Another thing in that case: the lack of duty to monitor.
Goal at the time: don’t get sued, but certain demands were
totally unscalable, and most far exceeded what the statute required and what he
thought a reasonable trier of fact would say was enough. When he responded to copyright & TM, was
always guided by the principle: I need to be able to explain to a judge so the
judge thinks “I don’t know what the line is, but these guys have gone beyond
it, whatever it is.” Played out in Tiffany.
Should we have a notice form? We don’t need one; many sites
just repeat the DMCA. But administratively, there’s value to having a form.
Most people don’t notice that the penalty of perjury language asks you to say
you have a good faith belief that the work is infringing, not just that you
represent the rights owner. Also
required reporting parties to provide email address/contact info to provide to
the person whose listing was being removed: wanted the disputants to talk to
each other, not to the platform. Virtually every rights owner has found that
not unreasonable. The DMCA subpoena: an
intelligent provision enabling a rightsowner to obtain certain information
about the user using a special subpoena that doesn’t require a separate
lawsuit.
Quickly became apparent that this was a big burden on rights
owners; formerly represented rights owners; tried to make it easy for them.
Wanted to provide information to them already provided by the statute (contact
info).
Monitoring: immunity isn’t conditioned on monitoring. Didn’t want monitoring to be equivalent to
control, but we thought that it was the lesser of two evils and we decided to
monitor, despite opening ourselves up to the argument that we therefore had
control of infringement, which Hendrickson then made. The
beauty of the DMCA was protection against claims by users/sellers as well as
content owners. We looked for red flags—actual
knowledge or facts from which the infringing activity is apparent. When you search yourself, you’re acquiring
facts—we applied an apparent infringement test/something like a
blatancy/obviousness test. We didn’t require expertise. Rights owners initially wanted to come down
and give us a tutorial on all their products; Tiffany and Rolex wanted to do
the same things. We said: we’ll never do that. That was our line in the
sand. There were some weak knees over
that, but I said that if we go down the path of trying to be experts we’ve
defeated the whole purpose. Rule: can you look at the four corners of the
listing and see indicia of infringement, then take it down; if those are
absent, rights owners need to report it.
If community members say “Pearl Jam never made an album by this name,” I
need a rights owner to report it.
Suspension: 1 strike, 2, 6 as ISPs now use? Only one case addressed strikes and said 3
was sufficient; we tried 2 and evolved a consequence guideline—a matrix of
action based on infringement. Wanted to
be able to explain who was suspended and who wasn’t in a careful way; never had
a problem with that standard. We also
moved fast.
You have to keep up however you can, even with resource
disparities—we chose the business model.
If you fail to remove expeditiously, you’ve blown it. If you fail to
suspend a repeat offender, you’ve blown it. So we made sure we complied with the
minimum, and then eventually developed sophisticated internal tools, including
software, that went beyond that.
Kramer: you said going beyond the DMCA was valuable to show
judges you complied with the DMCA. Does that make a difference? If someone minimally complies, is that
enough, or does it help to show you’ve gone beyond the DMCA?

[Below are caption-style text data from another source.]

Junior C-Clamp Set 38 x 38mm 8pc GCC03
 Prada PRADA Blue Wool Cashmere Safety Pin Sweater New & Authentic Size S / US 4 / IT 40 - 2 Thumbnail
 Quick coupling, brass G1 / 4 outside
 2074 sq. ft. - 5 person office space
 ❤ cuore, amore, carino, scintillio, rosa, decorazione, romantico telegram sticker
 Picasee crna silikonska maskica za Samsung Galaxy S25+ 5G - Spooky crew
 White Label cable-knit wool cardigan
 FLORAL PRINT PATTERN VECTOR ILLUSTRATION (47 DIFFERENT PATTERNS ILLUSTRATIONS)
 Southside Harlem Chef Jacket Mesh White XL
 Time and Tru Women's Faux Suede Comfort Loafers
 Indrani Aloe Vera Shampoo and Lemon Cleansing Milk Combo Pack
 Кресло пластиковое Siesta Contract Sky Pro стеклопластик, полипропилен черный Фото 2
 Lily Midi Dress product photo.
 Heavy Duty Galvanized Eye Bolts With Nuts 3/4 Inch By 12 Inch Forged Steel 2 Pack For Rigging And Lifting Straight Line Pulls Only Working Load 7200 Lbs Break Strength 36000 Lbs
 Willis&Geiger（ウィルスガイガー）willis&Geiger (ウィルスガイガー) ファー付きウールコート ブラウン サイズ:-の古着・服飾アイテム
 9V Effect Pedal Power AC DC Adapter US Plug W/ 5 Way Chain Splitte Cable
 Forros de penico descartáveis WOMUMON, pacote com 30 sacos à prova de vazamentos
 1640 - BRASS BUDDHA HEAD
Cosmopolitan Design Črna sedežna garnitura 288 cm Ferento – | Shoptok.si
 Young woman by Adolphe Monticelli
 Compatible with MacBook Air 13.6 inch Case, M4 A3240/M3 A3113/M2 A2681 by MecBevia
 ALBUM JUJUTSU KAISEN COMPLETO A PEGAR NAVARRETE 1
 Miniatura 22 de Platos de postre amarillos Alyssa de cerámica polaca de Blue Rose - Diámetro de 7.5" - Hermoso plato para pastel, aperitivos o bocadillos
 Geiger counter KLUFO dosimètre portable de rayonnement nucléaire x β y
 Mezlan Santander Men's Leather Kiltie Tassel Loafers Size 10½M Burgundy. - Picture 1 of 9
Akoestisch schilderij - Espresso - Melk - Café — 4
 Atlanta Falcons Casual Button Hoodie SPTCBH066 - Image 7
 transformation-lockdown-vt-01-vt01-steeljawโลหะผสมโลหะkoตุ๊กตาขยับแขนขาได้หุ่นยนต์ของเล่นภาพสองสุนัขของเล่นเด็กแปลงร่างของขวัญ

Whyte: the more reasonable anyone is, the more they
influence me. Looking at what’s
reasonable under the circumstances. Anyone acting in good faith and going
beyond the minimum is a plus.
Monahan: primary policing duty is on the IP owner. Tiffany:
judge basically excoriated them for stopping reporting altogether at one point,
as a protest; he emphasized that the primary responsibility was with the TM
owner.
Kramer: with Disney/Zynga hat on: why are content owners
dissatisfied with OCILLA and pushing for SOPA?
Monahan: it’s a lot of work. I’m sympathetic that the
internet has made a difficult product immensely more difficult. They’d love to
be able to shift responsibility to someone else. “Why can’t you just block this/filter
this/use hashtags?” Even the well-intentioned ones wanted to reduce the burden
on themselves. Balancing the need for
innovation/creativity, the DMCA strikes the right balance. Provide immunity with clear rules of the
game, minimum expectations, simple way for content owners to get a remedy 99.9%
of the time, when the recipient of the notice takes the stuff down. This can
even be an electronic notice done by an API through a third party service.
Kramer: did eBay have a problem with illicit notices?
Monahan: We did, though not a huge one. Chilling Effects
tracks notices; his experience has been that even aggressive rights owners
wanted to do the right thing and not go after fair use; wanted to find
distributors. There are some exceptions to that. He got a letter from a
reputable law firm. They’d simply searched for every mention of the client’s TM
on the site and demanded they all be taken down. He called the lawyer and said “I’m going to
do you a favor and not take these down.”
Reminded him about 512(f) penalties for false notifications, and said
that if he insisted on the takedowns eBay would countersue for violation of
512(f) and state law unfair competition.
Never heard from them again.
The only way this works is if companies occasionally have a
backbone and refuse to take stuff down on behalf of their users. He’s spent 6 years fighting to protect
copyrights, but there’s a balance and sometimes only the ISP can stand up for
rights. Statute doesn’t require that, but they should do that anyway.
Goldman: what are the implications of doing more than the
statute?
Monahan: risks of raising the bar for yourself, as well as
others. Watch company wanted us to remove listings on the basis of price. Saw where they were coming from, but as soon
as you do that, you’ve established a dangerous precedent (and hard to
implement). At the same time, massive piracy is bad for our users. Did that make those doing less unhappy? Yes, but as the larger provider, we drew
lines that benefited smaller companies as well.
Fred von Lohmann: was a young associate in 1999, when Yahoo
was sued for its auction service by Electronic Arts, Sega, and Nintendo;
settled, but one of the first active litigations about the safe harbor.
Are there any perjury prosecutions from the 512 notice? Does that penalty matter? Has any user ever sued a service provider
over a facially valid takedown?
Monahan: a few cases over “false reporting.” He’d change the standard to recklessness—right
now unless you’re essentially defrauding people you have complete protection as
a rights complainant. There was one case (Fred’s case) about promo CDs, when
the rights owners claimed that eBay had to treat promo CDs as infringing. eBay: you can report it and we’ll take it
down, but we won’t consider it blatantly infringing. Eventually the record companies did lose the
case; that was an example of backbone on our part.